What is Azure Machine Learning? | Introduction to Azure ML – Part 1

Azure ML – What’s better than machine learning? Machine learning where coding is optional! Drag and drop machine learning with a visual interface! We’re going to introduce you to a new tool to add to your data science toolkit, Azure Machine Learning Studio. Azure ML is a cloud-based data science platform on the Azure cloud ecosystem. Azure ML Studio also supports coding in Python, SQL, and R.

Hello, internet.
Welcome to Data Science Dojo.
My name is Phuc Duong, and I’m going to bring you
another video tutorial series.
This time we’re going to expand your data science toolkit
by teach you how to data mine using Azure Machine Learning
Studio.
This will be a multi-part video series,
and who is this video series intended for?
Well, it’s anyone who wants to learn Azure Machine Learning
Studio, and more importantly, Data Science Dojo
hosts a five-day boot camp on data science and data
engineering.
It is an in-person boot camp.
It lasts 50 hours, for an entire week.
We go 8 to 5 every day, and this is one of the five modules
that students have to learn before showing up on day 1.
So we teach a class mainly in R and in Azure ML Studio.

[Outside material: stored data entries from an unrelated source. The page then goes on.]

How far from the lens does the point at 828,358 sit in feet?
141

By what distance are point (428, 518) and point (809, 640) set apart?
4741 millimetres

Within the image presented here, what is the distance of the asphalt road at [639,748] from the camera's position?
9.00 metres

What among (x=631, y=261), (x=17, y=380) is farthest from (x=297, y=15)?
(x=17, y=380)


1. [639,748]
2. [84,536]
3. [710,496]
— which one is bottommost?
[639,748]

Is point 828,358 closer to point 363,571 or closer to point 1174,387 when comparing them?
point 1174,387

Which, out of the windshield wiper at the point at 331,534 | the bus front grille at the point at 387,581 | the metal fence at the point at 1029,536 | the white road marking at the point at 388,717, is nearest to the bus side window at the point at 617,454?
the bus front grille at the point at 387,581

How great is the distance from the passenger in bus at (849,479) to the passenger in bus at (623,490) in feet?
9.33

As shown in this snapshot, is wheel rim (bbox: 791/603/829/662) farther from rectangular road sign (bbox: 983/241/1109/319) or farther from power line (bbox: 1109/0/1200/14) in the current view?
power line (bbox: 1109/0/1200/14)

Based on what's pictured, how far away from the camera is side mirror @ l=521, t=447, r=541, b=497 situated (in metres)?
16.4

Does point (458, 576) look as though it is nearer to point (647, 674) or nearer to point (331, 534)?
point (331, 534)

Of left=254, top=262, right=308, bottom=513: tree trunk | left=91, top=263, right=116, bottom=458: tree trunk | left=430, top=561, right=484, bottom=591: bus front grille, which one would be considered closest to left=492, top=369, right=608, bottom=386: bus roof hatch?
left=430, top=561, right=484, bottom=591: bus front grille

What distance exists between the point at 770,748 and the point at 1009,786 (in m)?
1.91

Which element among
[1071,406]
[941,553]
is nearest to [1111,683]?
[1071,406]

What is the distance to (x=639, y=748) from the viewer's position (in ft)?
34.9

So students are expected to be very comfortable before even
showing up on day 1, so we can tackle more data science
problems during the course.
Now, if you are not attending the course,
don’t worry, because you will still
learn everything you need to know about Azure Machine
Learning Studio.
And by the time this series is over,
you should be very comfortable with Azure ML.

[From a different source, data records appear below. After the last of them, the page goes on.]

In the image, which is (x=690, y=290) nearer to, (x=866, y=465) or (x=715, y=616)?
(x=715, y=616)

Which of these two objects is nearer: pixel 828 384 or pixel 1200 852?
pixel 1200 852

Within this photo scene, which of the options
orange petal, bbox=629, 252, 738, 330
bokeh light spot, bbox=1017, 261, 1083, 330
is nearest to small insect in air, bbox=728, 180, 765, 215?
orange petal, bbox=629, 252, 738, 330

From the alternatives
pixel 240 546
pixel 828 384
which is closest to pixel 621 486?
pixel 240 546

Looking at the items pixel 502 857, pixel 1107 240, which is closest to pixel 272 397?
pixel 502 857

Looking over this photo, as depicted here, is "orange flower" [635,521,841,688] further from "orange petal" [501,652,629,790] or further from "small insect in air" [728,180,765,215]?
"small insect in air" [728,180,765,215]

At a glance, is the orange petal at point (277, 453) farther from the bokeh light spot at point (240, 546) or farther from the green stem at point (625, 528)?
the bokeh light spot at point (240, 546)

You should be able to import and export data.
You should be able to explore an unknown data set.
You should be able to manipulate and transform
data, mold data, preprocess data, and clean data
all within Azure ML.
You should be able to build and predict models in Azure ML.
You should be able to expose those predictive models
as a web service and then consumed those APIs,
and then you should also be up to code within Azure ML itself.
This series assumes that you already have an introduction
to data mining.
If you do not have that introduction,
go ahead and watch the video series
that I’ve linked inside a description box,
and I’ll get you up to speed on what data mining is.
A quick introduction about myself.
I’ve been teaching data science and data engineering
for about three years.
I was the lead author of a 85 page lab manual on how
to data mine using Azure Machine Learning Studio.
I wrote three other books on various topics
in data engineering and data science, none of which
are available to the public.
You have to sign up for our five-day boot camp
to receive one of these manuals, and then I
created an 11-part Azure ML tutorial tourists series
on YouTube three years ago, when Azure ML was still in beta.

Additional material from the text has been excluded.